Ah neen, want dat is allemaal de job van de vroedvrouw in het ziekenhuis en die
ging mij wel eens laten zien hoe dat moest. En dan mocht ik het later misschien
ook zelf eens proberen. En dan: "Ben je zeker dat het je eerste kindje is,
want het lukt je zo goed om voor haar te zorgen?" Euhm neen, ik ben een
mama en ik luister naar mijn kind. Kruip de hoogste boom in en daar blijven
aub.
Ik ben boos
omwille van al die mama's aan wie hetzelfde wordt aangedaan onder het mom van
"zorgverlening". Mama's die, net zoals ik, het gevoel hebben tegen de
windmolens te vechten. Want er is een klacht binnen, maar daar horen we niks
van. En neen, niets van "de dokters en de verpleegsters hebben hun best
gedaan", ze hebben er met hun klak naar gezwierd. En ja, ik ben nog steeds
blij dat we thuis bevallen zijn, want wie weet hoe hadden ze niet geknoeid in
die eerste cruciale minuten als ze er al een soep van maken als het niet meer
zo cruciaal is? Ik durf niet meer in een ziekenhuis bevallen. Maar ik heb veel
bloed verloren bij deze bevalling, dus ik heb geen keuze meer. Als er een
tweede komt, moet ik in een ziekenhuis bevallen. Dus ik weet niet of er wel een
tweede zal komen. Maar tegelijk wil ik niet dat ze me dat óók nog afpakken.
En ik ben
verdrietig. Omdat er weinig mensen zijn aan wie ik mijn verhaal kwijt kan.
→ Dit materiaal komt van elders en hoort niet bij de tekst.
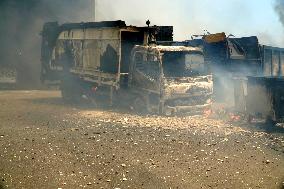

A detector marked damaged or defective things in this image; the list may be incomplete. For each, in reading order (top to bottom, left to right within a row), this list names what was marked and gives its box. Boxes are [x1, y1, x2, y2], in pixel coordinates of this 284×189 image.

burned truck [41, 20, 212, 115]
charred truck cab [41, 20, 212, 115]
burned cargo container [41, 20, 212, 115]
charred truck cab [130, 45, 212, 115]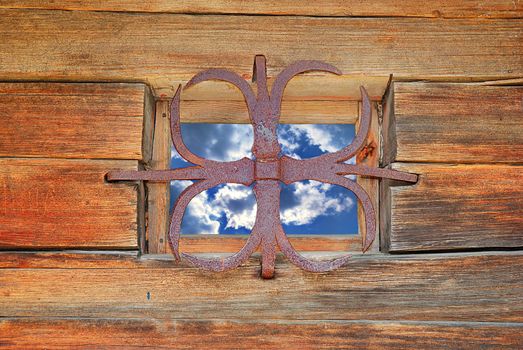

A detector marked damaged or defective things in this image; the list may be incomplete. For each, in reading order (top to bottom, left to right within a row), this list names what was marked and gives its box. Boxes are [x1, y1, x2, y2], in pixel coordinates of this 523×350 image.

rust stain [107, 55, 418, 278]
rusty iron grille [108, 55, 420, 278]
rusted metal cross [108, 55, 420, 278]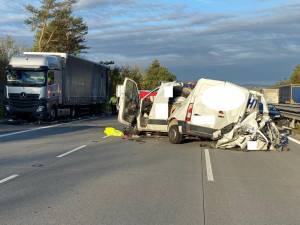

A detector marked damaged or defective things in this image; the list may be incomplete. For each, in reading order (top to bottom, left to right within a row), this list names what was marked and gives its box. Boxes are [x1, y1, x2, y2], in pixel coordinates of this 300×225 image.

wrecked van [118, 78, 282, 150]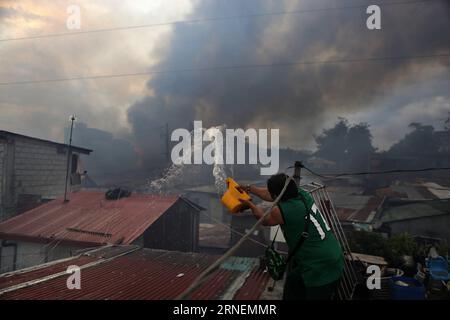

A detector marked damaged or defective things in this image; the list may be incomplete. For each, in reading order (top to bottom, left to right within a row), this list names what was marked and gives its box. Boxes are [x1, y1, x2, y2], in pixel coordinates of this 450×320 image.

rusty red roof [0, 191, 192, 246]
rusty red roof [0, 245, 268, 300]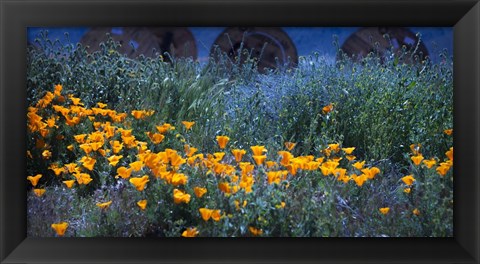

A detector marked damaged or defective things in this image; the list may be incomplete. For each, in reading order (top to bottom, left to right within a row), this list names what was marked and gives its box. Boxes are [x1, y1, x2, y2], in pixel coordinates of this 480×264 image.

rusty wagon wheel [80, 27, 197, 59]
rusty wagon wheel [209, 27, 296, 72]
rusty wagon wheel [340, 27, 430, 63]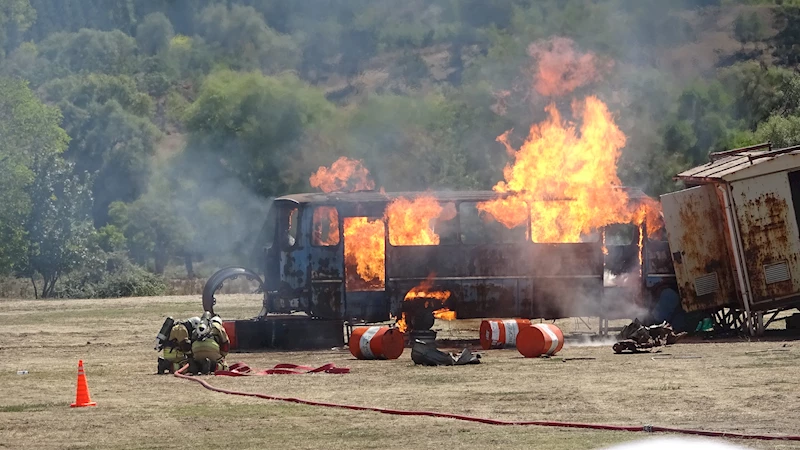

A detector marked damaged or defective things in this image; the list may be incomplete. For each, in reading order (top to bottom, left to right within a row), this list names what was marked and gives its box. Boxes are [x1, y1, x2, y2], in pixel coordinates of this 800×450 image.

charred bus body [203, 186, 680, 342]
rusted metal panel [664, 185, 736, 312]
rusty trailer [664, 143, 800, 334]
rusted metal panel [732, 173, 800, 310]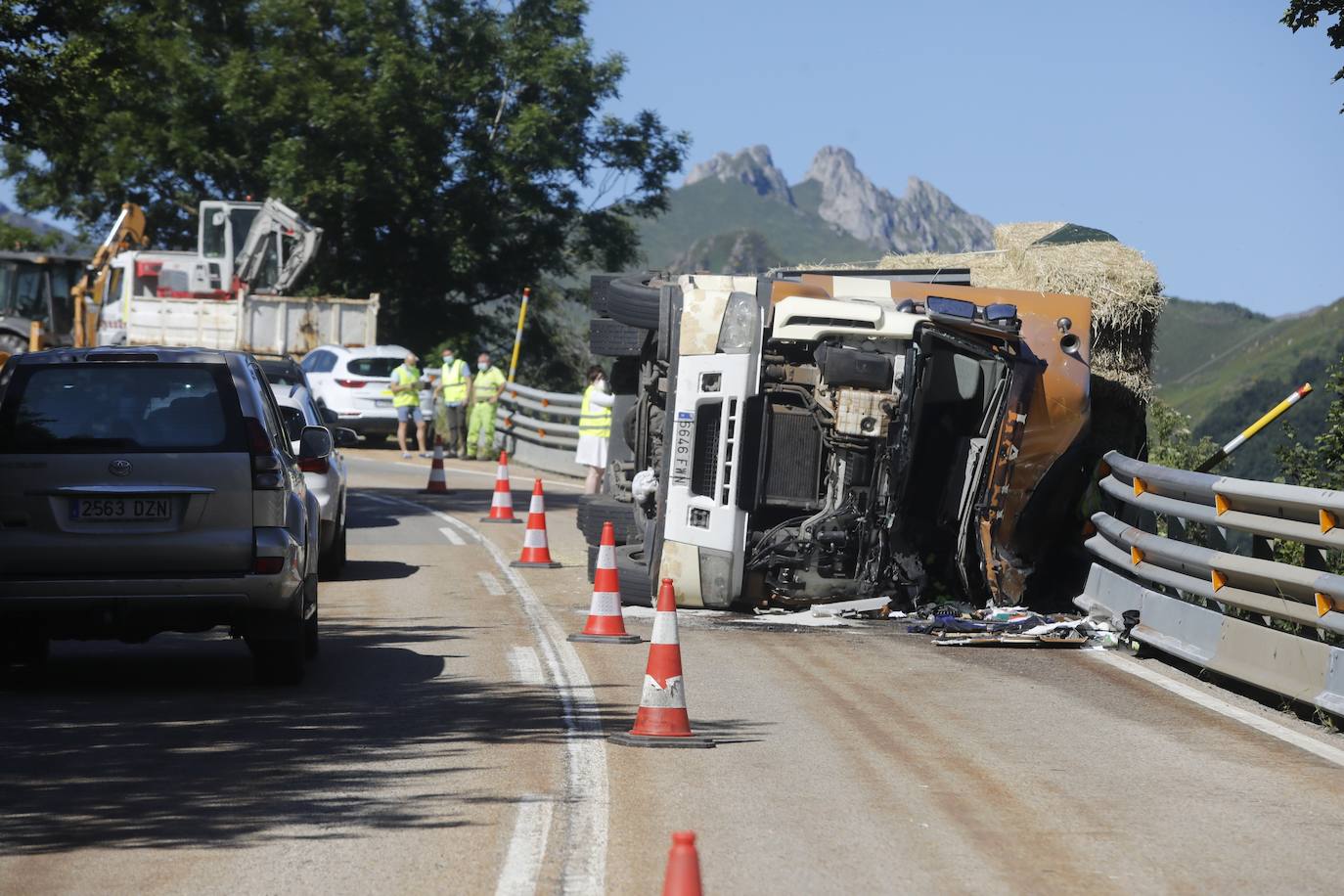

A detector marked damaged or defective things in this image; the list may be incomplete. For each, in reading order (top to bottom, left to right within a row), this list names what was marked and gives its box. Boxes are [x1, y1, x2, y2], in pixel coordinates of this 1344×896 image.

overturned truck [583, 257, 1118, 609]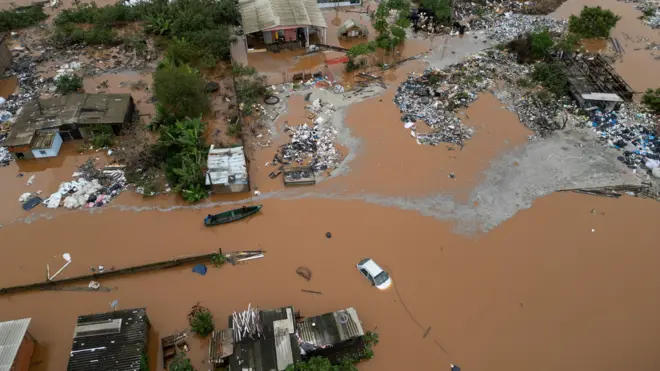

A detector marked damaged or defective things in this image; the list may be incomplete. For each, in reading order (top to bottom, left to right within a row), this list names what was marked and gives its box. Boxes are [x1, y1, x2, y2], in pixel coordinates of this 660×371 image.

damaged building [556, 53, 636, 112]
damaged building [2, 93, 134, 160]
damaged building [66, 308, 150, 371]
damaged building [210, 306, 366, 370]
Omdat er weinig mensen zijn die samen met mij boos willen zijn. En omdat ik
vooruit wil. Ik wil dit achter me laten en er niet meer op terugkijken. Ik wil
alleen denken aan die mooie momenten tijdens de bevalling. Toen we nog thuis
waren. En ik wil het ziekenhuis vergeten. Dochter is nu bijna zes maand oud, ik
wil het achter me laten.
Maar soms
komt het dan in alle hevigheid weer boven. Zoals wanneer het vlees rot is.